La pericolosità dell’uso delle e-mail istituzionali su siti non sicuri
In Italia, dei 609 indirizzi e-mail istituzionali monitorati, ben 91 sono risultati violati, con 195 password esposte. Tra queste, 188 password erano in testo chiaro, ovvero senza protezione, un dato preoccupante se confrontato con altri Paesi europei, dove il livello di esposizione è inferiore. La ricerca di Proton e Constella Intelligence ha già incluso i politici francesi a maggio, ed è stata recentemente estesa anche alla Spagna.
Analizzando i dettagli delle violazioni, si scopre che l’8,6% dei senatori e il 18,2% dei deputati italiani sono stati coinvolti, avendo utilizzato le e-mail istituzionali per registrarsi su piattaforme come LinkedIn, Dropbox, Adobe, e in alcuni casi anche siti di news e petizioni. Mentre è noto che queste piattaforme siano coinvolte, non è possibile distinguere le violazioni italiane per singola categoria, ma il dato solleva interrogativi sulla gestione dei dati sensibili nel mondo politico italiano.
Questa esposizione rappresenta una minaccia concreta per la sicurezza dei dati. La presenza di informazioni personali sul dark web espone i parlamentari italiani a un rischio elevato di attacchi di phishing, volti a sfruttare dati sensibili per accedere a informazioni riservate.

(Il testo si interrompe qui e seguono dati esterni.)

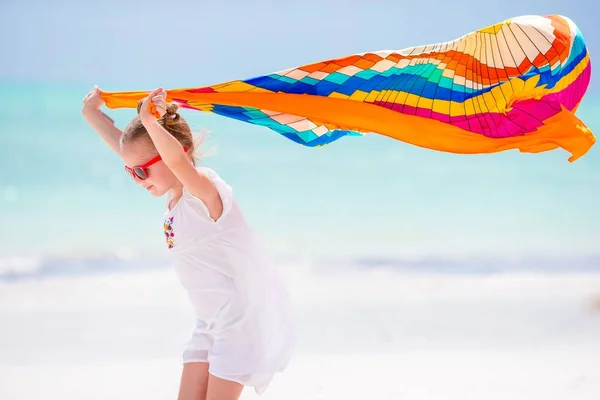 La niña se divierte en la playa. Kid disfrutar de vacaciones en la playa con pareo —  Fotos de Stock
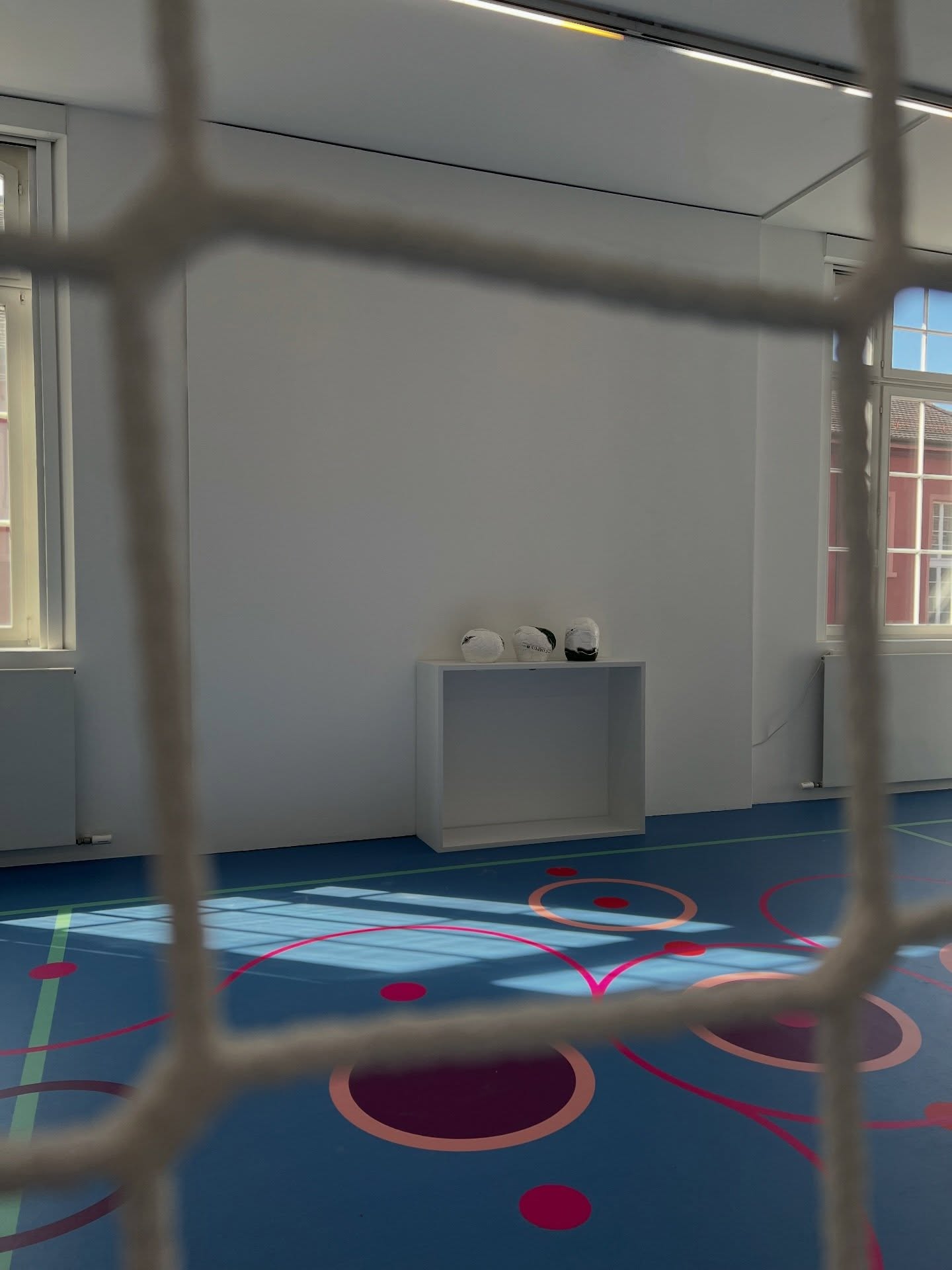 Dieser Alternativtext wurde KI-generiert: Ein Innenraum mit hellen Wänden und einem bunten Boden. Auf einer niedrigen Plattform liegen zwei dunkle Objekte.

L’aver utilizzato e-mail ufficiali per iscrizioni su piattaforme non sempre sicure ha quindi aperto la porta a possibili abusi informatici.

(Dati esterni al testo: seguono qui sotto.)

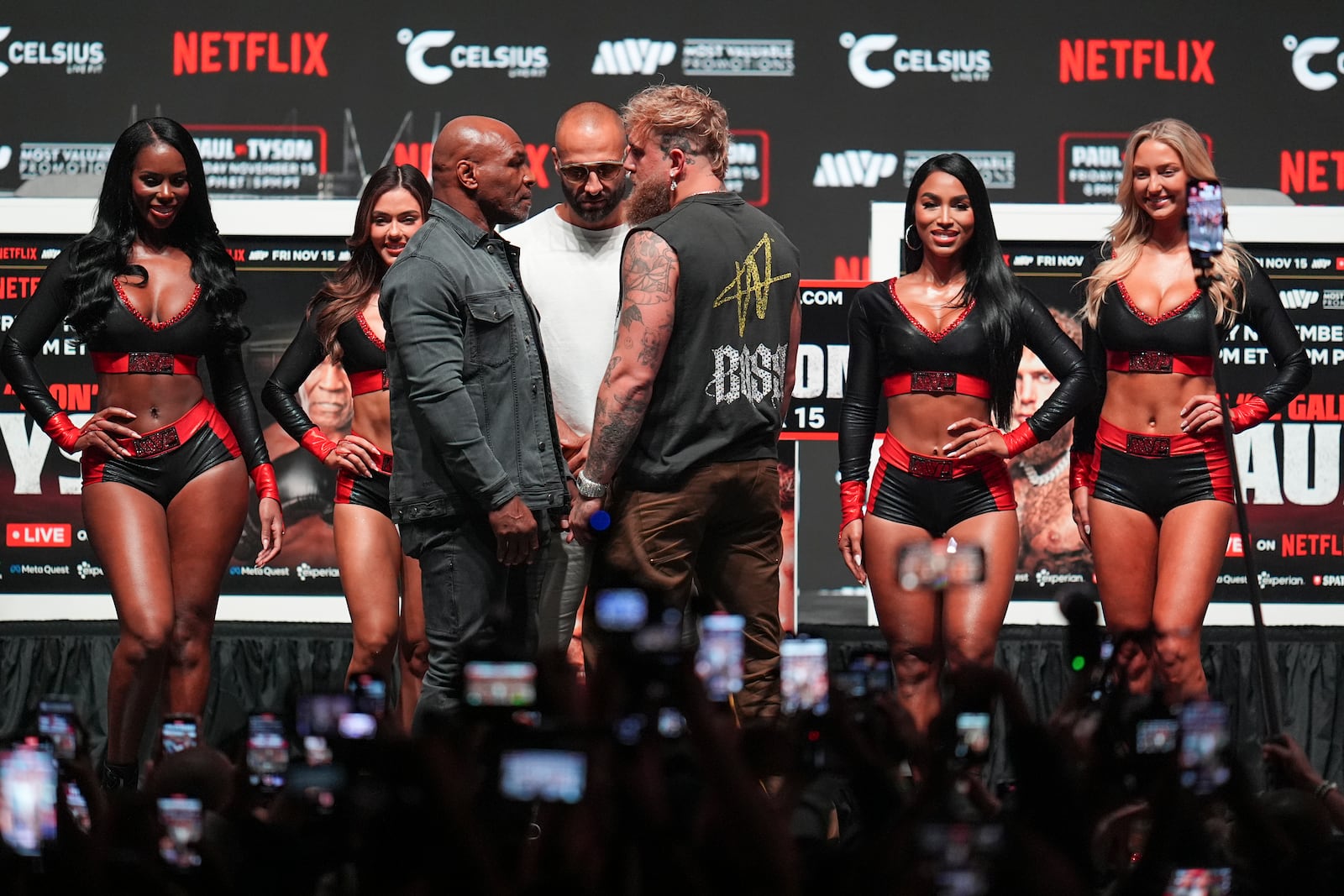 Mike Tyson, front left, and Jake Paul, front right, face off during a news conference ahead of their fight, Wednesday, Nov. 13, 2024, in Irving, Texas. (AP Photo/Julio Cortez)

In un confronto più ampio, il Regno Unito guida la classifica europea con il 68% degli indirizzi e-mail dei parlamentari compromessi, seguito dal 44% dei membri del Parlamento europeo e dal 18% dei parlamentari francesi. La Spagna, con solo il 6% di compromissioni, rappresenta un’anomalia, forse attribuibile a una maggiore consapevolezza dei rischi legati alla cybersecurity. Tuttavia, il caso italiano invita a riflettere su una gestione più prudente dei dati istituzionali.